20th September 2018
Open source can be a thrilling hobby. My own contributions include projects like an IoT & Robotics framework and a Microservices framework, to name a few. The breadth and variance of open source mean that anyone with a text editor, terminal, and an internet connection can help build some really cool things with really cool people.
Tools of the trade
Specific tooling requirements vary depending on the particular language or environment you are working with. In most cases, along with any Software Development Kits, or SDK’s, having a GitHub account, a robust text editor, and Git installed on your machine should be all you need.
Types of contribution
A good open source project has input from people of many different disciplines. Not all contributions need to be to the code proper. There are many different skills that come together to form a good project; ability to code is only one of them.
- If you have design skills you could create and contribute assets for use in the project, it’s social media accounts, or it’s site.
- Frontend skills can be put to use creating a project’s home site, interactive samples, and tutorials.
- Anyone with a flair for writing can contribute to the documentation. Every OSS project out there could benefit from more quality documentation.
- Tests! A project can never have enough tests and benchmarks. The quickest way to a maintainers heart is via tests.
By not focusing solely on the code portion of a project, the work available to do greatly increases. Taking on work outside of your comfort zone is a great way to expand your skillset; working on documentation, or tests in another language than your primary, is a great way to get real-world experience in that discipline.
Selecting a project
A big issue for people new to open source is simply selecting a project to help out on in the first place. The advice I always give here is choose something that interests you. Below I’ve listed some points to consider when making your decision:
- Does the project want or need outside contribution? Not every project wants or needs outside help. There are lots of projects that exist solely to scratch an itch, as experimentation, or even as a personal fork to play with ideas. In general if there is no contributing guide or no specific call to help it may be that the author isn’t accepting contributions.
- Does the repo’s purpose interest you? Working on a project when you are not really all that interested in the project itself never ends well. Open source contributions should be challenging but fun, if you are unhappily slogging away on a given project you may need to reevaluate your continued contribution.
- Are you happy with the project’s license and policies? Some projects have clear policies in relation to its license and contributions, some don’t. Before pulling the trigger and jumping in, it may be wise to do some research here. As an example, I rarely contribute to anything that has restricted licensing, including GPL. It’s a personal choice, but one that needs to be made before you start contributing.
- Is the repository active? Are there any outstanding issues and pull requests? Contributing to a dead repository is no fun and reviving one is no easy task. On the other hand, dead repo’s make great starter projects.
- Is there work to be done for your skill level? The best repositories to work on are ones with work available you have the skills to tackle. Check the issues tab, run through the docs, look over tests. If there is something that needs to be done and you feel you can complete it, go for it!
Keep an open mind about what projects you would like to work on and also the varying ways which you can help out. Sticking within your comfort zone is boring!

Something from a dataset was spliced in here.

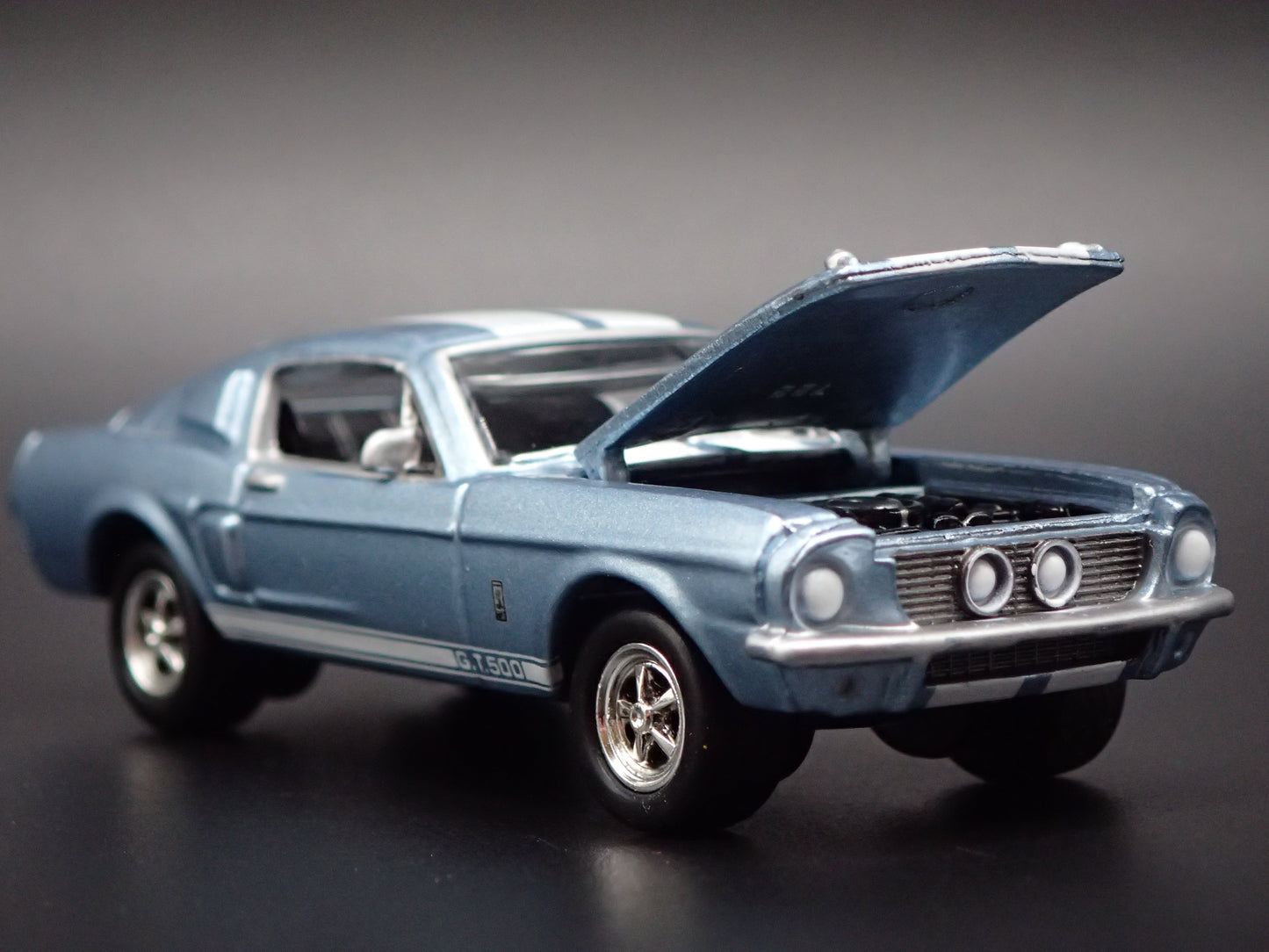1967 67 FORD MUSTANG SHELBY GT500 RARE 1/64 SCALE DIORAMA DIECAST MODEL CAR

Contributing, step by step
Contributing to any repository follows a familiar pattern of steps, once you cycle through these steps a number of times on different repos, the speed at which you can contribute greatly increases.
Create a fork
Navigate to your chosen repository on GitHub. In the top right hand corner of the page, notice a small button named fork. Hit that to create a linked copy of the repository under your username.
Clone a local copy
Navigate to your newly created fork, it will be named the same as it’s parent. On the right hand side a clone link is presented. Hit the button to the right of the link to have it copied to your clipboard.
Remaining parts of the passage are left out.